What needs to be done:
The expected answer is the set of lines in the data below between the line holding "1.28 Ct. Oval" and the line holding "Cadolle Daisy Satin", inclusive, written out exactly.

Data in this exercise:
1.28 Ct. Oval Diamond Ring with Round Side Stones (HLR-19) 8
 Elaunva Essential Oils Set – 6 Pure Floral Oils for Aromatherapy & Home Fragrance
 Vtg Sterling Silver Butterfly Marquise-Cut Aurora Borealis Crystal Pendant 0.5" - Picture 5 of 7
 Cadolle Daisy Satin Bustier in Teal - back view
==
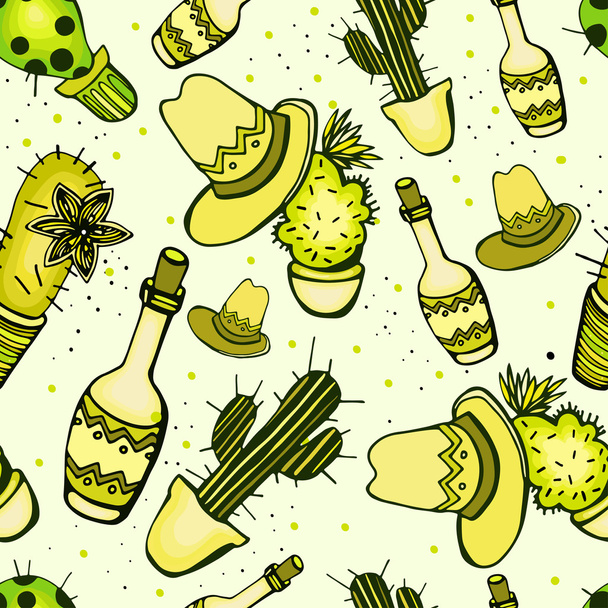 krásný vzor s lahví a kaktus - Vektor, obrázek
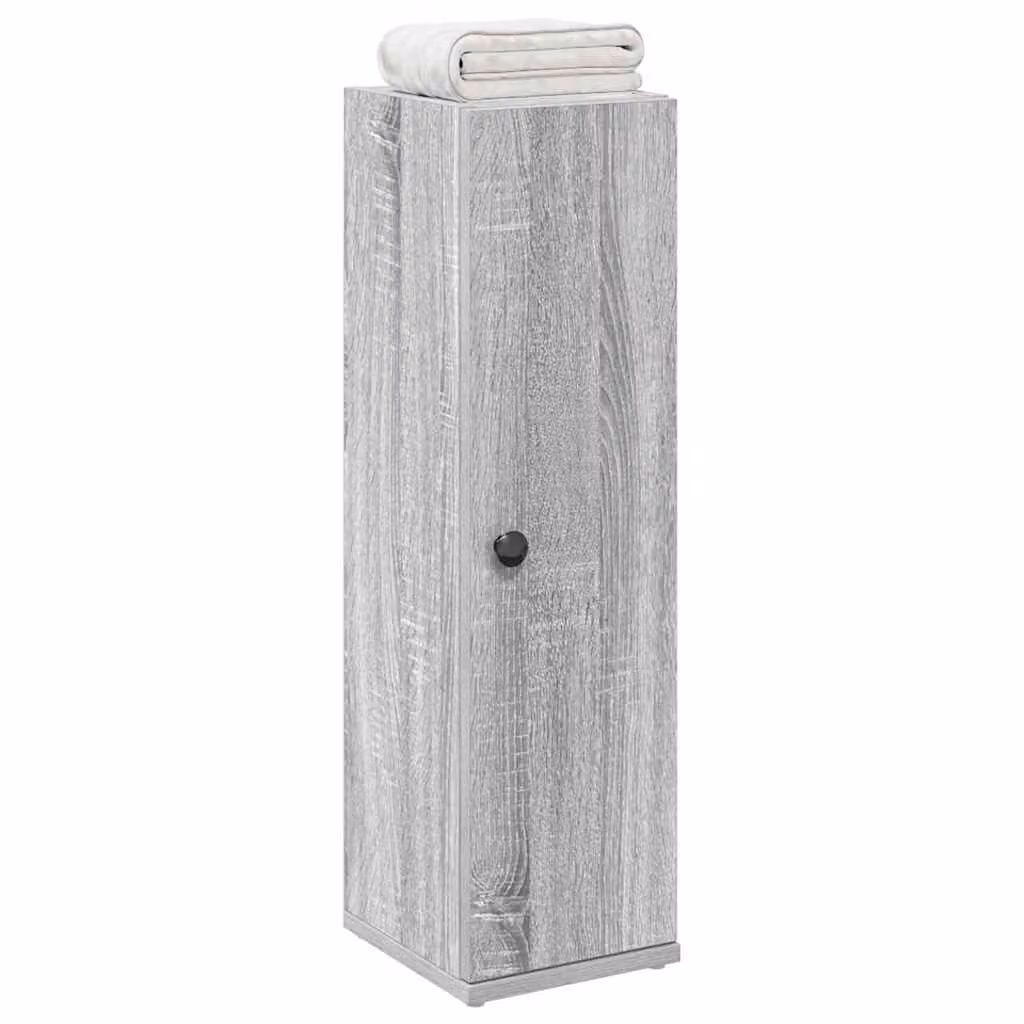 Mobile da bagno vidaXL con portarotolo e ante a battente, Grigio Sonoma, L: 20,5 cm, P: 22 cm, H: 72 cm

Answer:
1.28 Ct. Oval Diamond Ring with Round Side Stones (HLR-19) 8
 Elaunva Essential Oils Set – 6 Pure Floral Oils for Aromatherapy & Home Fragrance
 Vtg Sterling Silver Butterfly Marquise-Cut Aurora Borealis Crystal Pendant 0.5" - Picture 5 of 7
 Cadolle Daisy Satin Bustier in Teal - back view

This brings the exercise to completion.